#### What the task requires
Output the entries verbatim, including every line.
Data for this exercise section start
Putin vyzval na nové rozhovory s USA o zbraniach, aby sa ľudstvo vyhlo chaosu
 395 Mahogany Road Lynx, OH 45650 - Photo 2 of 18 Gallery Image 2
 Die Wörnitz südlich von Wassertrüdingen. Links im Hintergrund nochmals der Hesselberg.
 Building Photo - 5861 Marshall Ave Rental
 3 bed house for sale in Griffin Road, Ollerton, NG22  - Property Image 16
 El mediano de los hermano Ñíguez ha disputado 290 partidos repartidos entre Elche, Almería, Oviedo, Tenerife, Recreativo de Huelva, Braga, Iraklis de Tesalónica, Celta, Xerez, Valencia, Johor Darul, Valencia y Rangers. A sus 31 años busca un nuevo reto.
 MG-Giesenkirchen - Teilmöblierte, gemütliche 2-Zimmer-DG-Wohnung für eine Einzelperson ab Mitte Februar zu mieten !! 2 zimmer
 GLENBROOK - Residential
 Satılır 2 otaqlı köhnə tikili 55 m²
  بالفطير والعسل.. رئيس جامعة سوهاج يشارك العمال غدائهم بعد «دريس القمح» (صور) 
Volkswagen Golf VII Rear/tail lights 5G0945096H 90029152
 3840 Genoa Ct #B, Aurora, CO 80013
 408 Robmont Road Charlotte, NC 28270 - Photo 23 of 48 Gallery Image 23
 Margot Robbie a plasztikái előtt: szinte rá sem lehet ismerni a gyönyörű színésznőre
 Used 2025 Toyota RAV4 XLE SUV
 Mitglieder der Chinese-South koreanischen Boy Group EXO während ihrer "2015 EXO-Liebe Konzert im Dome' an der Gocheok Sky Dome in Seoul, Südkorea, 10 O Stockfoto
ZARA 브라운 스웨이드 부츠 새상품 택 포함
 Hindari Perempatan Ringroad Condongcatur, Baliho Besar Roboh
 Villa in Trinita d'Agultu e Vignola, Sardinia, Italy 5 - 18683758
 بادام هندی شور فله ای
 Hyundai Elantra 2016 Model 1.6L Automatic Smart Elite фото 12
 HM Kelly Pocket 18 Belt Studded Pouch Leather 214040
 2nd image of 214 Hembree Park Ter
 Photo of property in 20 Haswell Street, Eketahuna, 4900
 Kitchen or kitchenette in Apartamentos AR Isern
Data for this exercise section end
#### Response area
Putin vyzval na nové rozhovory s USA o zbraniach, aby sa ľudstvo vyhlo chaosu
 395 Mahogany Road Lynx, OH 45650 - Photo 2 of 18 Gallery Image 2
 Die Wörnitz südlich von Wassertrüdingen. Links im Hintergrund nochmals der Hesselberg.
 Building Photo - 5861 Marshall Ave Rental
 3 bed house for sale in Griffin Road, Ollerton, NG22  - Property Image 16
 El mediano de los hermano Ñíguez ha disputado 290 partidos repartidos entre Elche, Almería, Oviedo, Tenerife, Recreativo de Huelva, Braga, Iraklis de Tesalónica, Celta, Xerez, Valencia, Johor Darul, Valencia y Rangers. A sus 31 años busca un nuevo reto.
 MG-Giesenkirchen - Teilmöblierte, gemütliche 2-Zimmer-DG-Wohnung für eine Einzelperson ab Mitte Februar zu mieten !! 2 zimmer
 GLENBROOK - Residential
 Satılır 2 otaqlı köhnə tikili 55 m²
  بالفطير والعسل.. رئيس جامعة سوهاج يشارك العمال غدائهم بعد «دريس القمح» (صور) 
Volkswagen Golf VII Rear/tail lights 5G0945096H 90029152
 3840 Genoa Ct #B, Aurora, CO 80013
 408 Robmont Road Charlotte, NC 28270 - Photo 23 of 48 Gallery Image 23
 Margot Robbie a plasztikái előtt: szinte rá sem lehet ismerni a gyönyörű színésznőre
 Used 2025 Toyota RAV4 XLE SUV
 Mitglieder der Chinese-South koreanischen Boy Group EXO während ihrer "2015 EXO-Liebe Konzert im Dome' an der Gocheok Sky Dome in Seoul, Südkorea, 10 O Stockfoto
ZARA 브라운 스웨이드 부츠 새상품 택 포함
 Hindari Perempatan Ringroad Condongcatur, Baliho Besar Roboh
 Villa in Trinita d'Agultu e Vignola, Sardinia, Italy 5 - 18683758
 بادام هندی شور فله ای
 Hyundai Elantra 2016 Model 1.6L Automatic Smart Elite фото 12
 HM Kelly Pocket 18 Belt Studded Pouch Leather 214040
 2nd image of 214 Hembree Park Ter
 Photo of property in 20 Haswell Street, Eketahuna, 4900
 Kitchen or kitchenette in Apartamentos AR Isern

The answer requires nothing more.